Indonesia plans to move its capital to Borneo from Jakarta, a crowded, polluted city on the north coast of Java that is slowly sinking, Indonesian President Joko Widodo said yesterday.
It is urgent to begin relocation plans, although a physical relocaton of the capital would not begin until 2024, Widodo said.
The new administrative headquarters are to be built in East Kalimantan, Widodo said, adding that the relocation, about 1,400km from Jakarta, would help spread economic activity beyond Java, Indonesia’s most populous island.
Photo: AFP
“It is a strategic location at the center of Indonesia, close to growing urban area,” Widodo told a news conference at the Jakarta state palace.
Widodo said that moving the capital would cost 466 trillion rupiah (US$32.97 billion), of which the state would fund 19 percent, with the rest from public-private partnerships and private investment.
The price tag includes new government offices and homes for about 1.5 million civil servants.
East Kalimantan is located on the Indonesian side of Borneo, a region known for rainforests, coal mines and home to just more than 16 million people.
Environmentalist groups have expressed fears that building a new capital amid swaths of forests could imperil the habitats of endangered wildlife, including orangutans, sun bears and long-nosed monkeys.

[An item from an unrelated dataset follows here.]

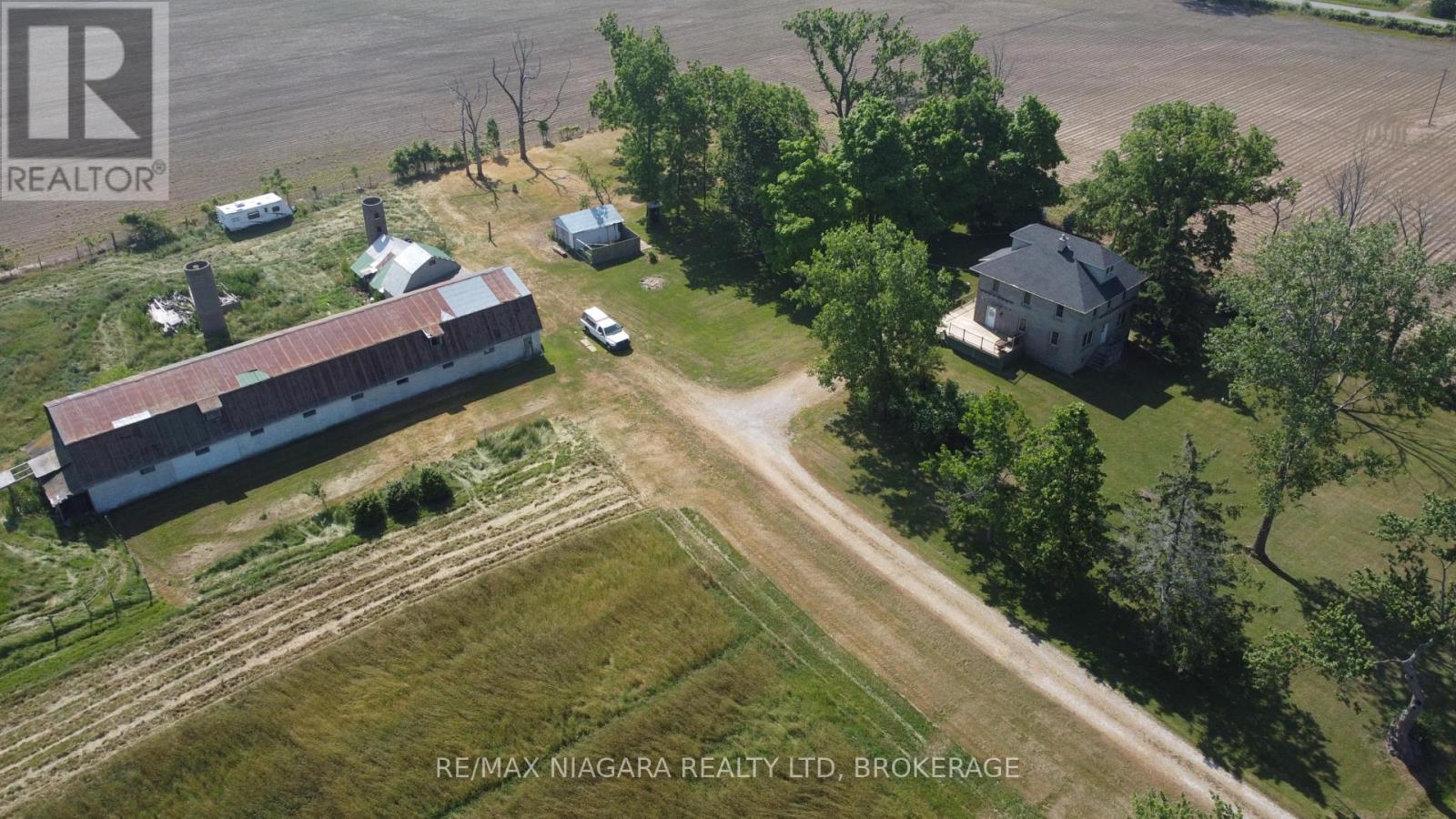 Property at 298 DICKHOUT ROAD image 5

Widodo said that the burden on Jakarta and Java is too heavy, with Java home to 54 percent of the country’s 260 million population and generating 58 percent of the country’s GDP.
With twice the density of Singapore, the city has little space to build more without rehousing thousands of families. To make matters worse, two-fifths of the city is below sea level and parts of it are sinking at 20cm, due to millions of residents using up groundwater.
Gridlocks and public transport woes cost the city about 100 trillion rupiah a year in economic losses, according to official estimates.
Construction of the new city would begin from 2021, Indonesian Minister of National Development Planning Bambang Brodjonegoro said.